The subset weights are in fact the entire Convolutional layer weights, which total around 57MB. The remainder of the 550+ MB file is in fact for the useless Fully Connected Dense Layers which were unused. So I simply extracted the conv weights and eliminated the ZeroPadding layers to obtain a small speedup. The results will be exactly the same as if they were with the entire weights.
The results for Prisma and this network will probably never match, for the simple reason that they are using pre trained Texture Networks, possibly similar to the ones from the paper Perceptual Losses for Real-Time Style Transfer and Super-Resolution. They require just one forward pass through the VGG network to create a stylized image. The obvious drawback is that for each style, you must train a new Neural network for roughly 4-5 hours on the MS COCO dataset using that style image and that random styles images cannot be used. For an implementation, look to chainer fast neural style.
This network on the other hand requires no pertaining of the specific style, but requires exorbitant amount of time in forward and backward passes through the VGG network. Benefits include control over how strongly the style is applied and the fact that any image can become a style. The added benefit is that the generated image can then be passed through an external Image Super resolution implementation to scale the image to any size with near lossless results.
In fact I recently added the parameters to perform style transfer without transferring color.

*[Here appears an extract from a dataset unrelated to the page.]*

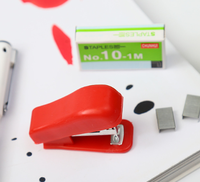 Vente directe du fabricant Agrafeuse manuelle miniature de couleur unie Portable Agrafes n°10 pour la papeterie scolaire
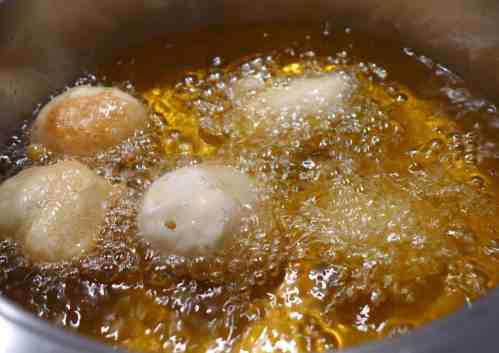 Delicious Lenten Greek Honey puffs recipe (Loukoumades)-prep5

It seems to work well and produces good images in the same color as the content image without destroying the content. I still want to attempt to implement Style transfer to Videos as well, but my GPU is already looking dated.. If only I could switch GPUs on a laptop, but that's a pipedream for now.
I myself am currently using cuDNN 5.1 (5103) on Windows 10 with CUDA 7.5, Theano 0.9.0 dev2 and bleeding edge Keras from github (BatchNorm had a small bug that was causing nan's but was fixed post release of 1.0.7). Feel free to update since 5.1 has better support for the Pascal Architecture of the 1060-1080 GPUs.
@titu1994 Thanks for the info and the update. I got cuDNN 5.1 (5105) going with WIN 10, CUDA 8.0 RC, and Theano 0.90 dev2, and updated to Keras 1.0.7. On a Cifar-10 test I'm only seeing about a 7% speedup.. vs cudnn 5004. Not the 2.7x I read about. Maybe if I turned off all the image augmentation I'd see a more noticeable gain. Or maybe my CNN's are not the right kind. Anyways, thanks for the background on Prisma and the latest with the INetwork. I will certainly look up that paper.
@kfinla The 2.7x speed up is mainly for VGG networks which contain multiple stacks of Conv layers with 3x3 pool sizes. So other architectures may not see that great a performance improvement.